→ Task inputs
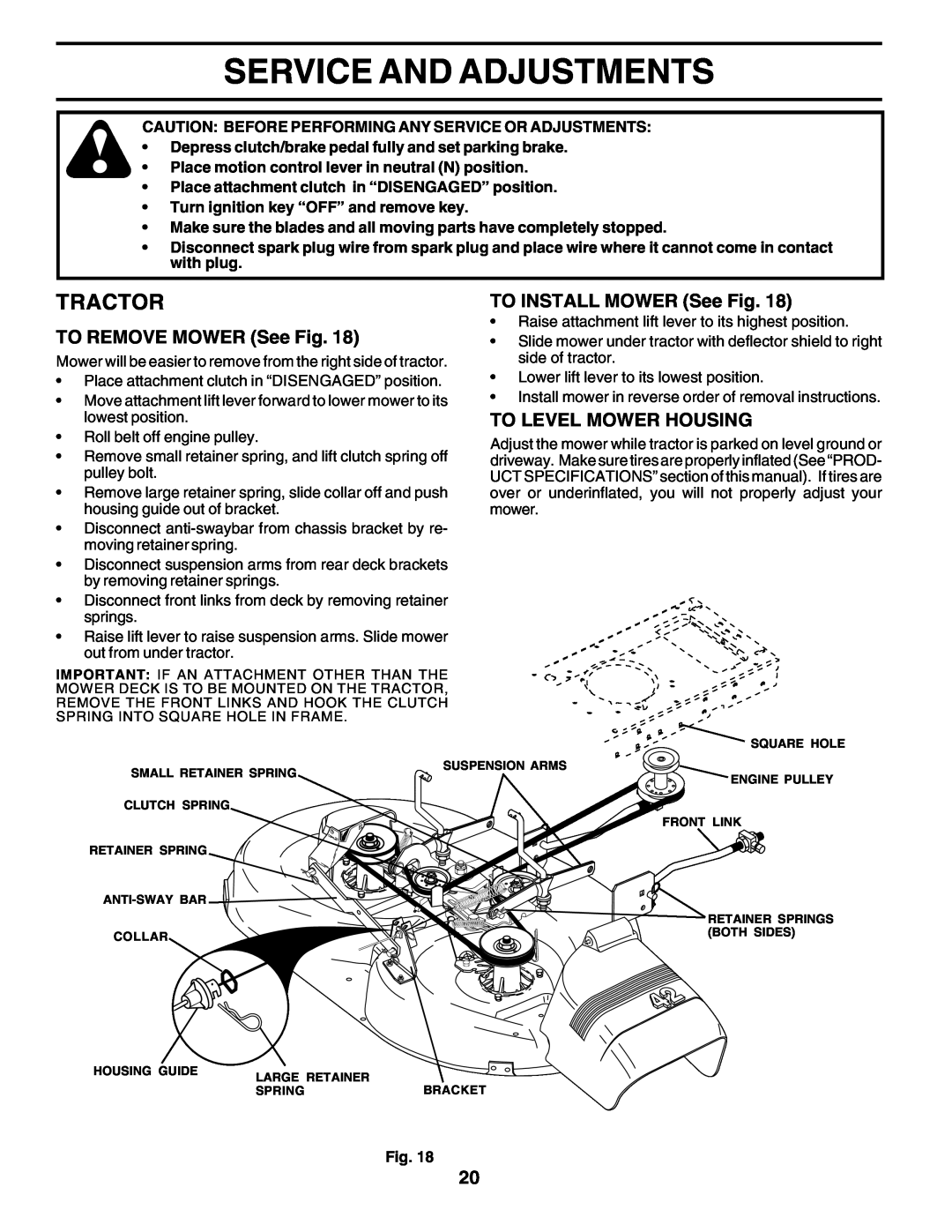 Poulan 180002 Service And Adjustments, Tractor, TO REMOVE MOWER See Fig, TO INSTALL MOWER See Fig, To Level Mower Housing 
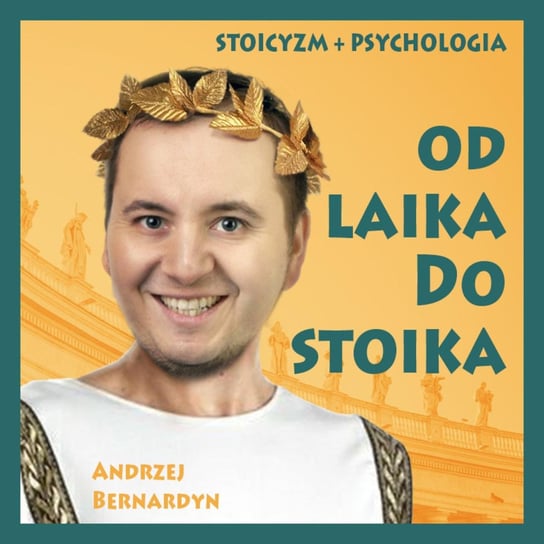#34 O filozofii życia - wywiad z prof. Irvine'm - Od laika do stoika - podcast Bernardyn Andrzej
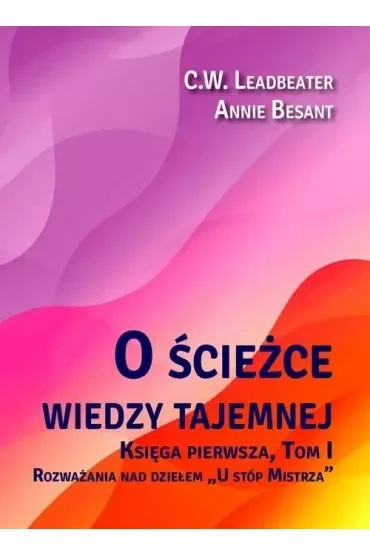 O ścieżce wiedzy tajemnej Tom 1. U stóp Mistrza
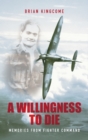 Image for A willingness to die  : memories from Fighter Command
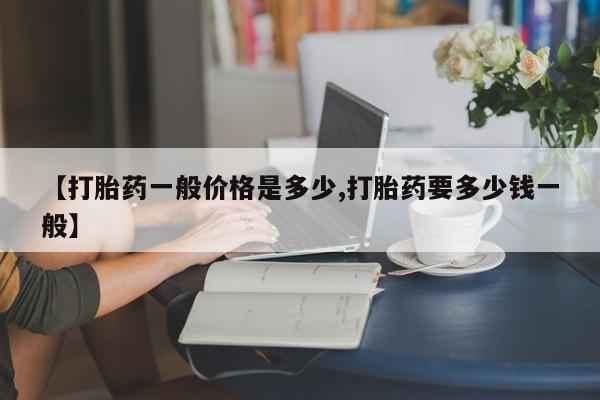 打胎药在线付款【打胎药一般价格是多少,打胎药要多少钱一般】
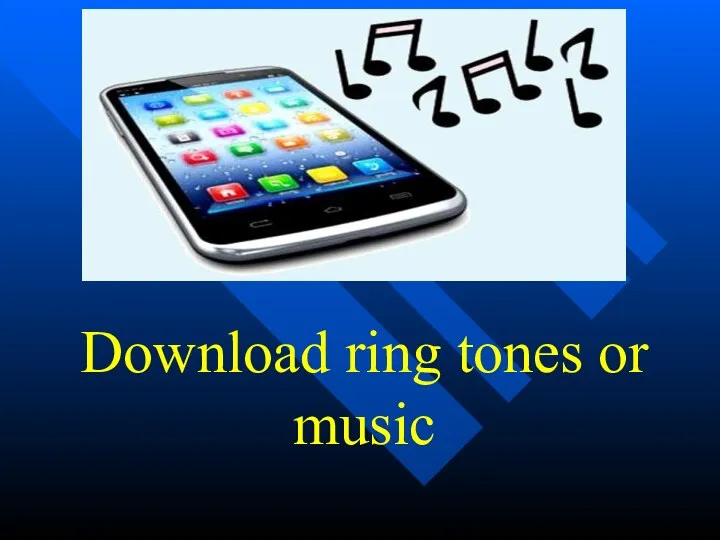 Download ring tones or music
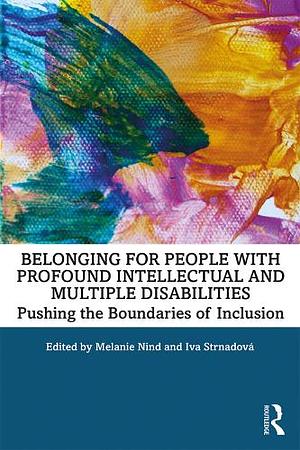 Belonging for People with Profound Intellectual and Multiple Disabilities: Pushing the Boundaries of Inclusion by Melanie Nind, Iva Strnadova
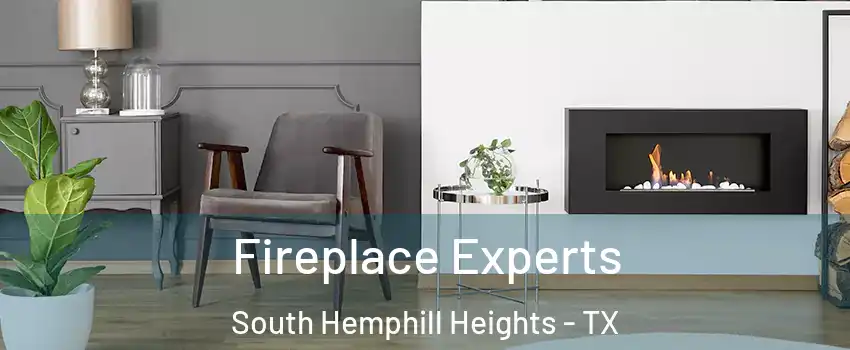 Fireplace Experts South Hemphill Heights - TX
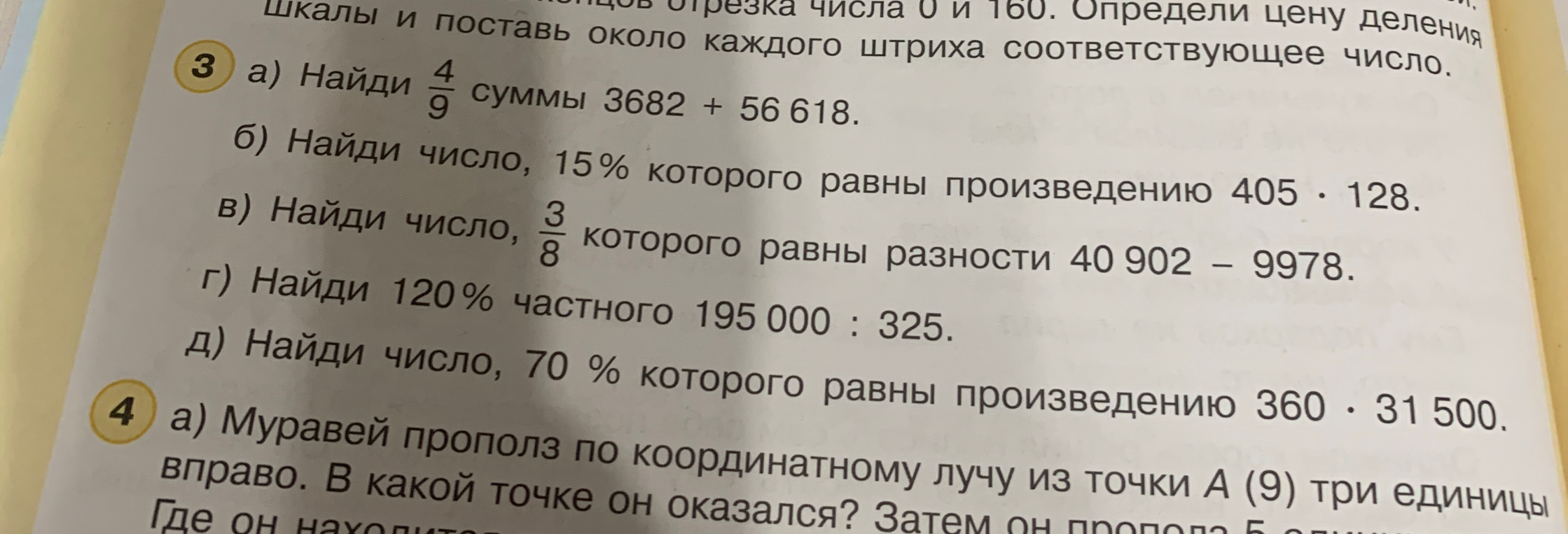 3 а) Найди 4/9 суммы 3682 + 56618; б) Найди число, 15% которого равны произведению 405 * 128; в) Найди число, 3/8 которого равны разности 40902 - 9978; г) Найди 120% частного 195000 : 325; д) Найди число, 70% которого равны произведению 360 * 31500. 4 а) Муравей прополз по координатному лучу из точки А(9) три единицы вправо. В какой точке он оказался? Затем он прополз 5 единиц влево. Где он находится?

→ The problem
The whole listing is to be duplicated verbatim, apart from its images.

→ Exercise result
 Poulan 180002 Service And Adjustments, Tractor, TO REMOVE MOWER See Fig, TO INSTALL MOWER See Fig, To Level Mower Housing 
#34 O filozofii życia - wywiad z prof. Irvine'm - Od laika do stoika - podcast Bernardyn Andrzej
 O ścieżce wiedzy tajemnej Tom 1. U stóp Mistrza
 Image for A willingness to die  : memories from Fighter Command
 打胎药在线付款【打胎药一般价格是多少,打胎药要多少钱一般】
 Download ring tones or music
 Belonging for People with Profound Intellectual and Multiple Disabilities: Pushing the Boundaries of Inclusion by Melanie Nind, Iva Strnadova
 Fireplace Experts South Hemphill Heights - TX
 3 а) Найди 4/9 суммы 3682 + 56618; б) Найди число, 15% которого равны произведению 405 * 128; в) Найди число, 3/8 которого равны разности 40902 - 9978; г) Найди 120% частного 195000 : 325; д) Найди число, 70% которого равны произведению 360 * 31500. 4 а) Муравей прополз по координатному лучу из точки А(9) три единицы вправо. В какой точке он оказался? Затем он прополз 5 единиц влево. Где он находится?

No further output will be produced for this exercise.